Start of Given records

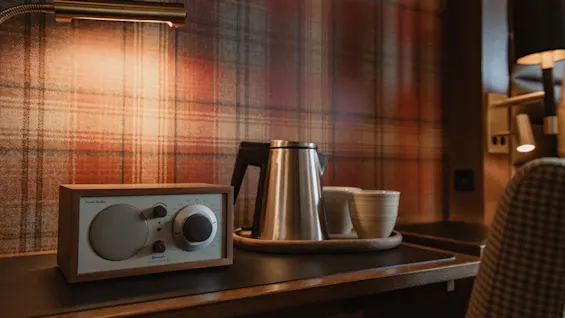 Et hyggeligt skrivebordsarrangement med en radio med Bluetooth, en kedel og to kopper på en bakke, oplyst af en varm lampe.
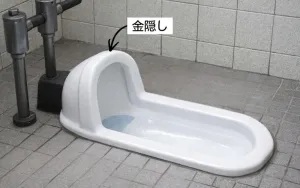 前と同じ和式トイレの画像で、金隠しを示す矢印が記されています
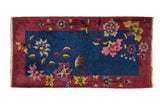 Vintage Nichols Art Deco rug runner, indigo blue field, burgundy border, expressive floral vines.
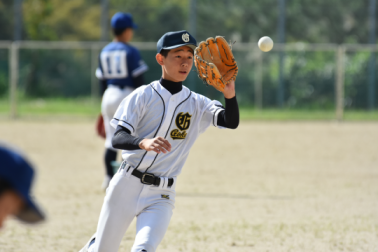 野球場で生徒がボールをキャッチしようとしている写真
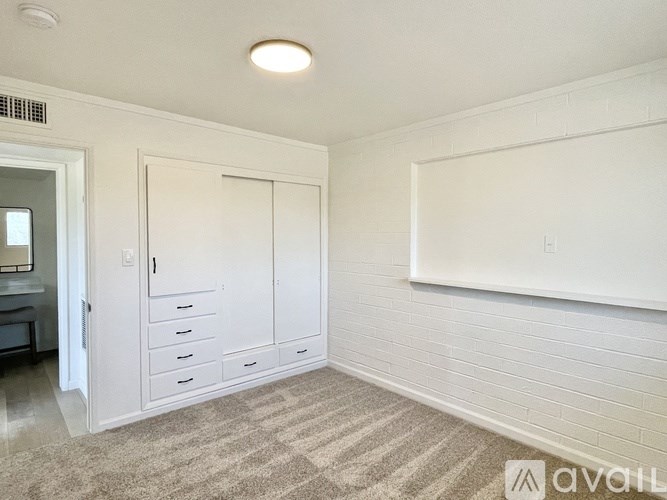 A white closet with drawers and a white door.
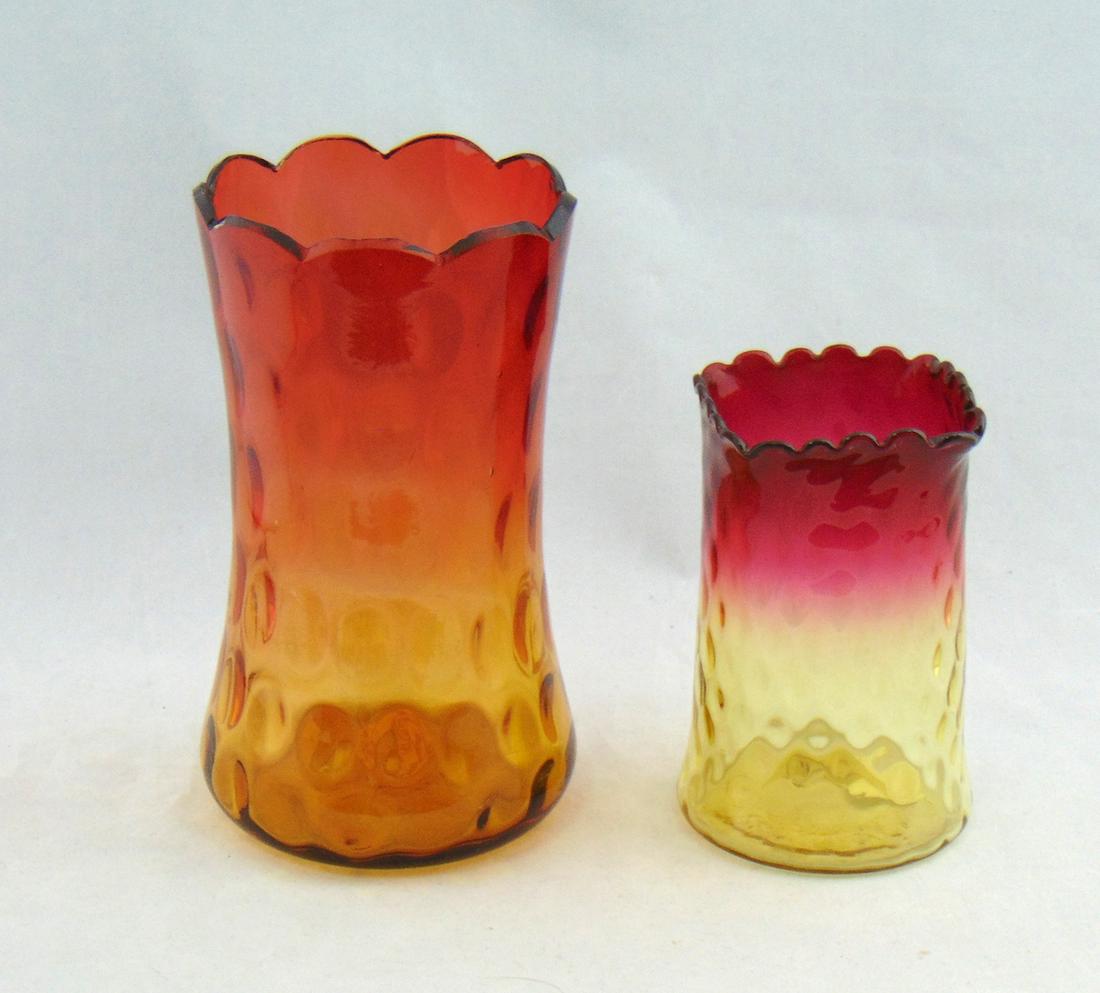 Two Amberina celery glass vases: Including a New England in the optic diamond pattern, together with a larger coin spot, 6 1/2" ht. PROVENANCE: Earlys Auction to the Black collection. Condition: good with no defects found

End of Given records

Copy out exactly, with no pictures, the lines of the data from the first one through the line bearing "A white closet".

 Et hyggeligt skrivebordsarrangement med en radio med Bluetooth, en kedel og to kopper på en bakke, oplyst af en varm lampe.
 前と同じ和式トイレの画像で、金隠しを示す矢印が記されています
 Vintage Nichols Art Deco rug runner, indigo blue field, burgundy border, expressive floral vines.
 野球場で生徒がボールをキャッチしようとしている写真
 A white closet with drawers and a white door.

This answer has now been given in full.